Saturday, 20 December 2014

LZO Compression in Hadoop and HBase


LZO's licence (GPL) is incompatible with Hadoop (Apache) and therefore one should install the LZO separately in cluster to enable LZO compression in Hadoop and HBase. LZO compression format is split-table compression. It provides the high compression and decompression speed.
Perform the below steps to enable the LZO compression in Hadoop and HBase:
1.       Install the LZO development packages:

 sudo yum install lzo lzo-devel

2.       Download the Latest LZO release using below command:

 wget https://github.com/twitter/hadoop-lzo/archive/release-0.4.17.zip

3.       Unzip the downloaded bundle:

 unzip release-0.4.17.zip

4.       Change the current directory to the extracted folder:

cd hadoop-lzo-release-0.4.17

5.       Run the command to generate the native libraries

 ant compile-native

6.       Copy the generated jar and native libraries to Hadoop and HBase lib directories.

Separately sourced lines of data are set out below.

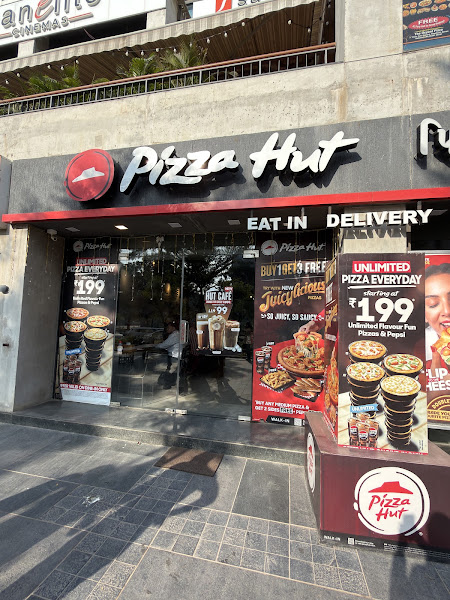 Pizza Hut | Science City, Ahmedabad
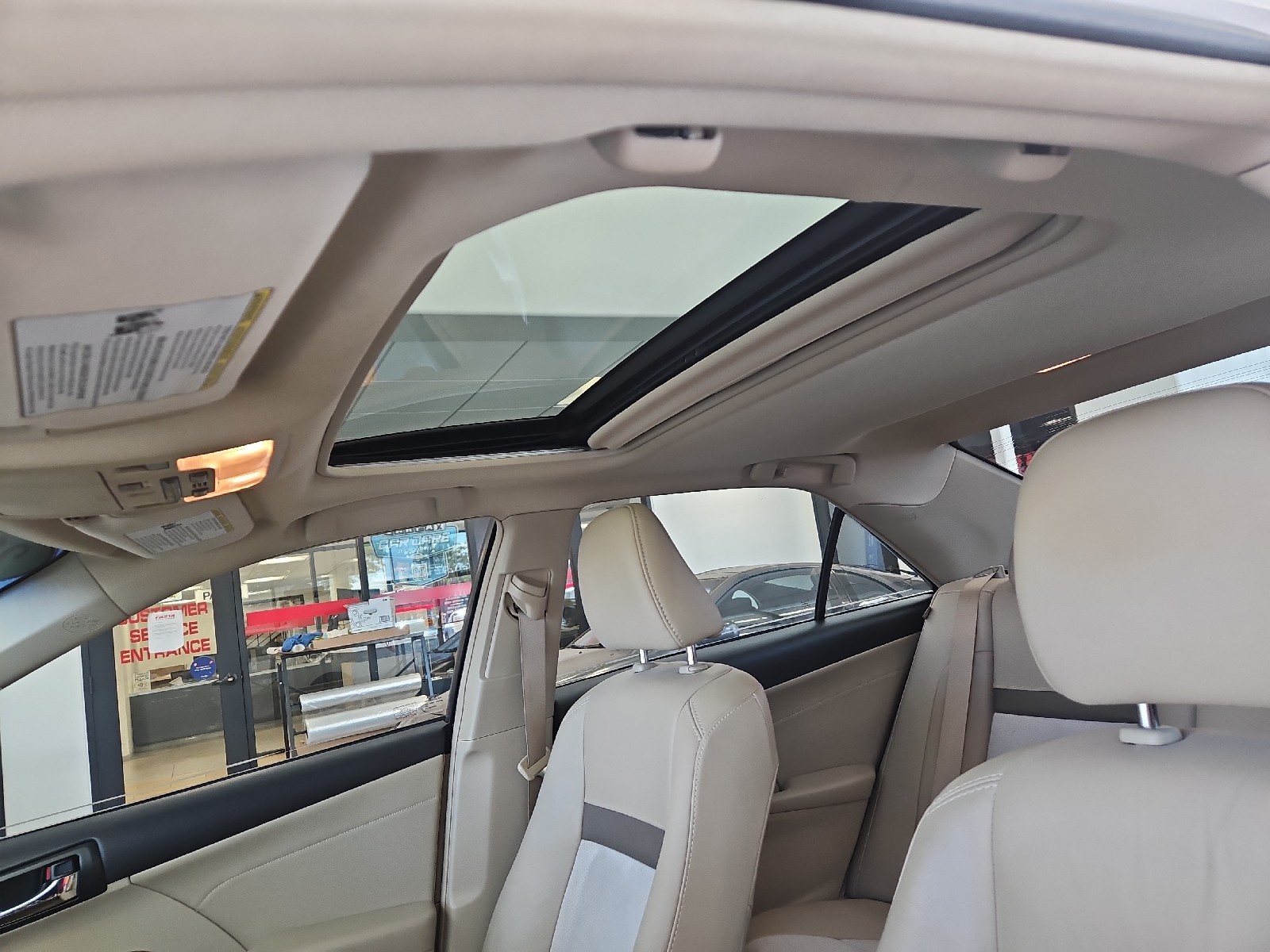 Used 2013 WHITE Toyota XLE image 26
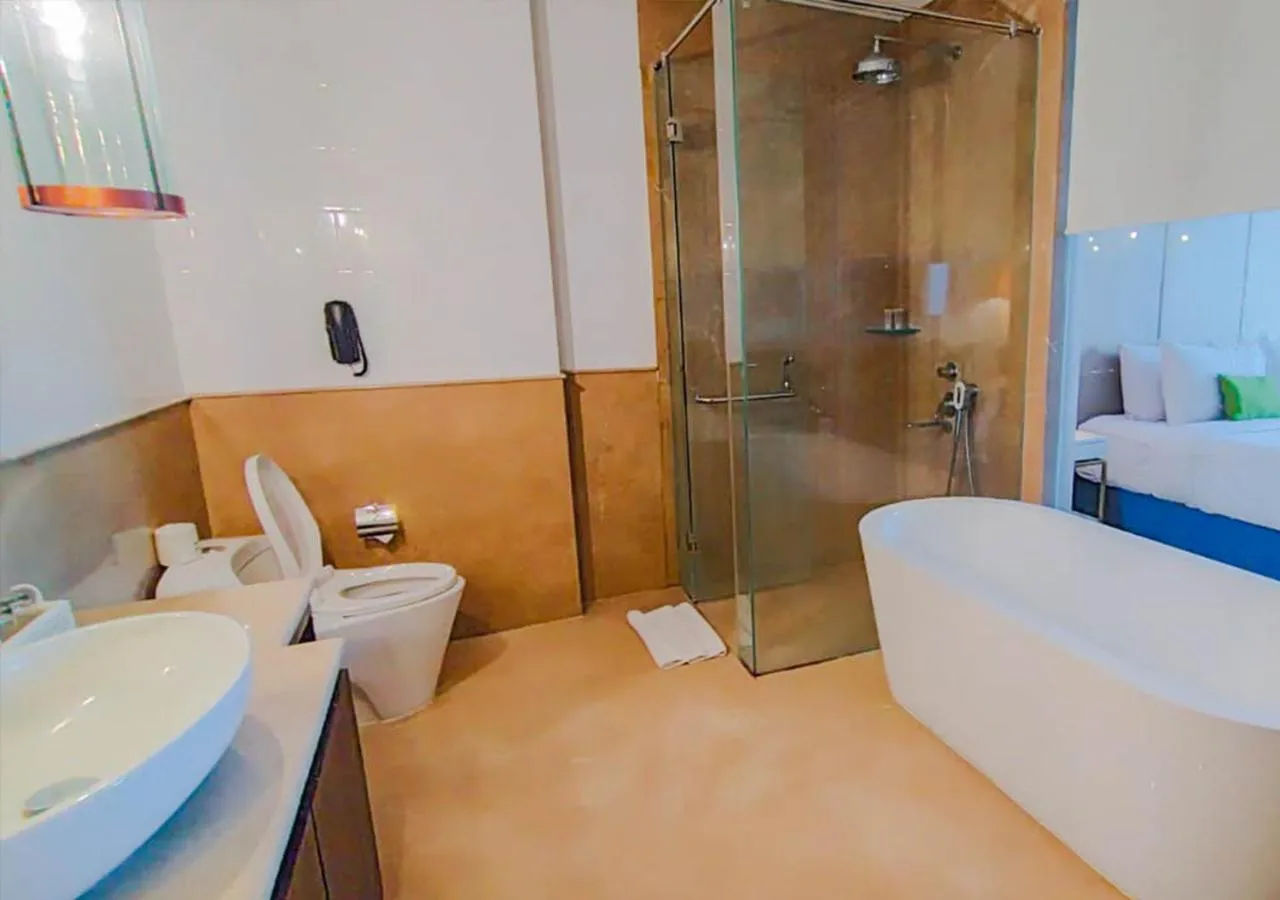 Bathroom in Jambuluwuk Oceano Seminyak Hotel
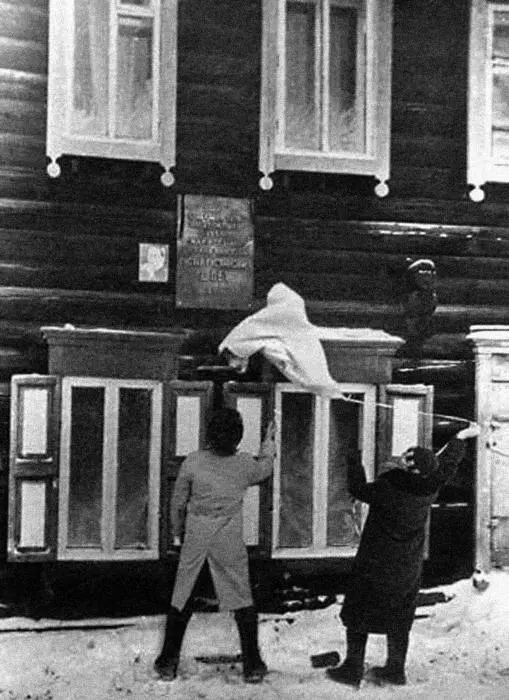 В 1989 году на доме в Колпашевском переулке где жил папа была открыта - фото 138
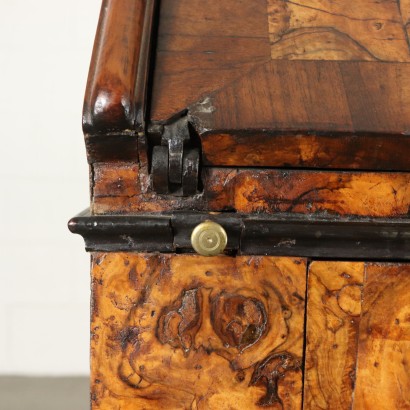 Ribalta Consolle Lombarda-particolare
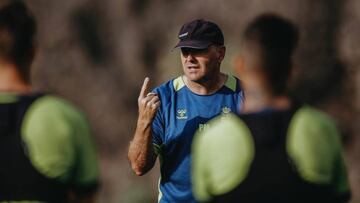 Pepe Mel da instrucciones en un entrenamiento de Las Palmas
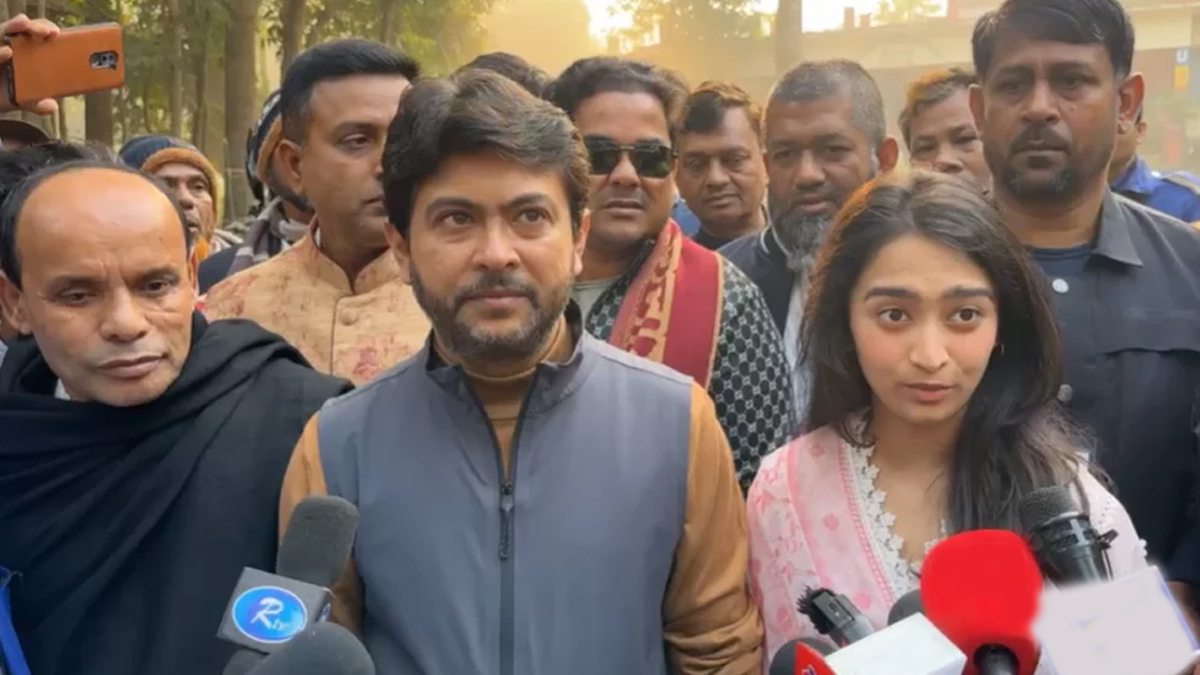 বাবার সঙ্গে প্রথম ভোট দিলেন নিক্সন কন্যা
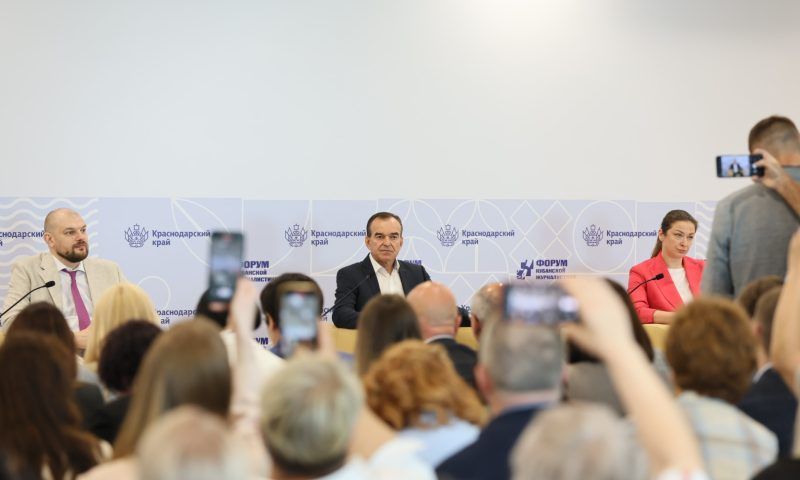 Кондратьев посетил Форум кубанской журналистики в Сочи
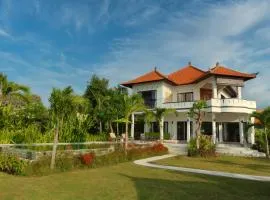 Villa Saujana, Beachvilla with 3 bedrooms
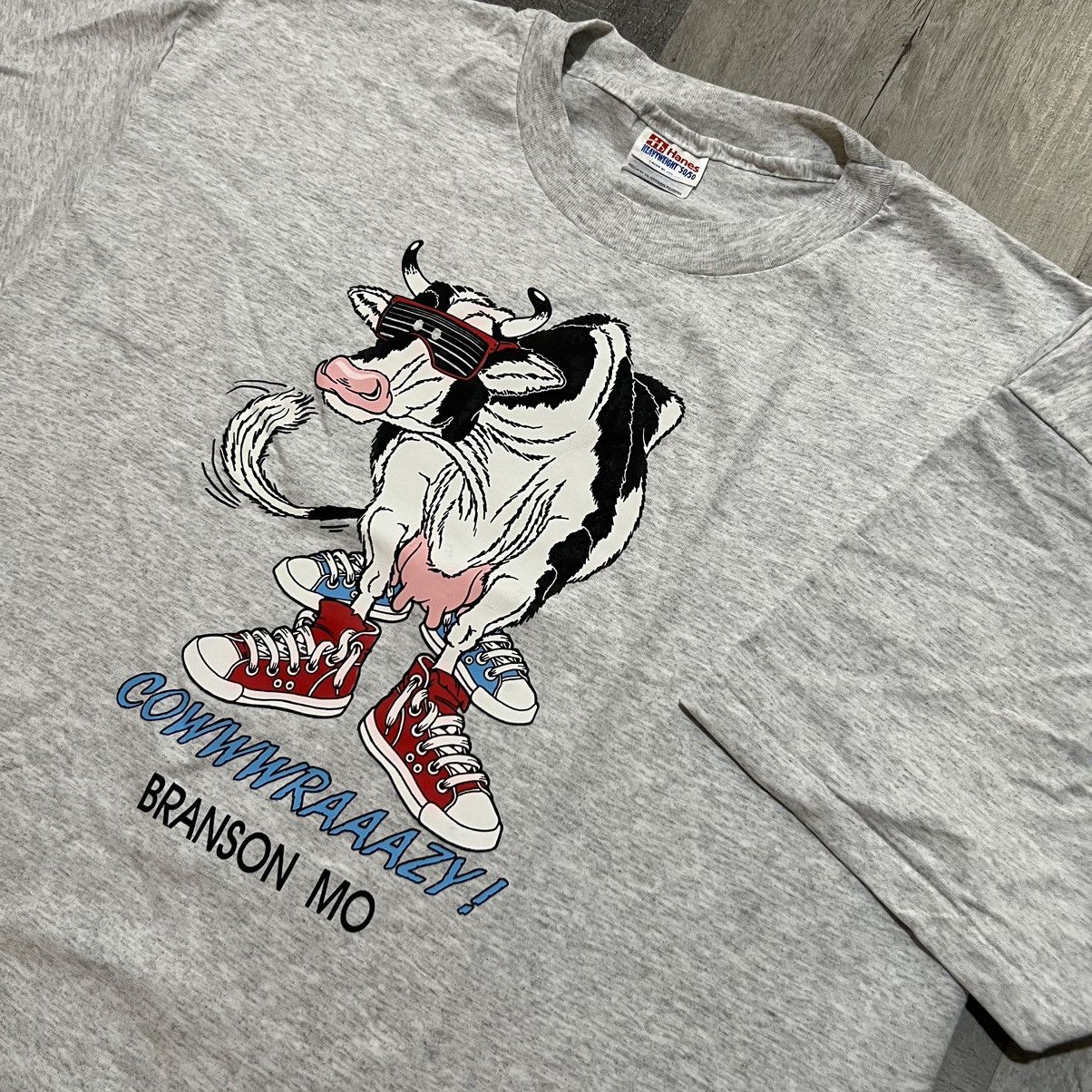 Hanes × Vintage VTG Branson Missouri Cowwwraazy 90s Grey Cow Travel T Shirt Size US XL / EU 56 / 4 - 2 Thumbnail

 cp build/hadoop-lzo-0.4.17.jar $HADOOP_HOME/lib/
 cp build/hadoop-lzo-0.4.17.jar $HBASE_HOME/lib/
 cp build/hadoop-lzo-0.4.17/lib/native/Linux-amd64-64/* $HADOOP_HOME/lib/native/
 cp build/hadoop-lzo-0.4.17/lib/native/Linux-amd64-64/* $HBASE_HOME/lib/native/

7.       Add the following properties in core-site.xml file of hadoop.


 <property>
                <name>io.compression.codecs</name>
                <value>
                    org.apache.hadoop.io.compress.DefaultCodec,
                    org.apache.hadoop.io.compress.GzipCodec,
                    org.apache.hadoop.io.compress.BZip2Codec,
        org.apache.hadoop.io.compress.DeflateCodec,
        org.apache.hadoop.io.compress.SnappyCodec,
        org.apache.hadoop.io.compress.Lz4Codec,
        com.hadoop.compression.lzo.LzoCodec,
        com.hadoop.compression.lzo.LzopCodec
   </value>
  </property>
  <property>
                <name>io.compression.codec.lzo.class</name>
    <value>com.hadoop.compression.lzo.LzoCodec</value>
  </property>


8.       Sync the hadoop and HBase Home directory on all nodes of hadoop and hbase cluster.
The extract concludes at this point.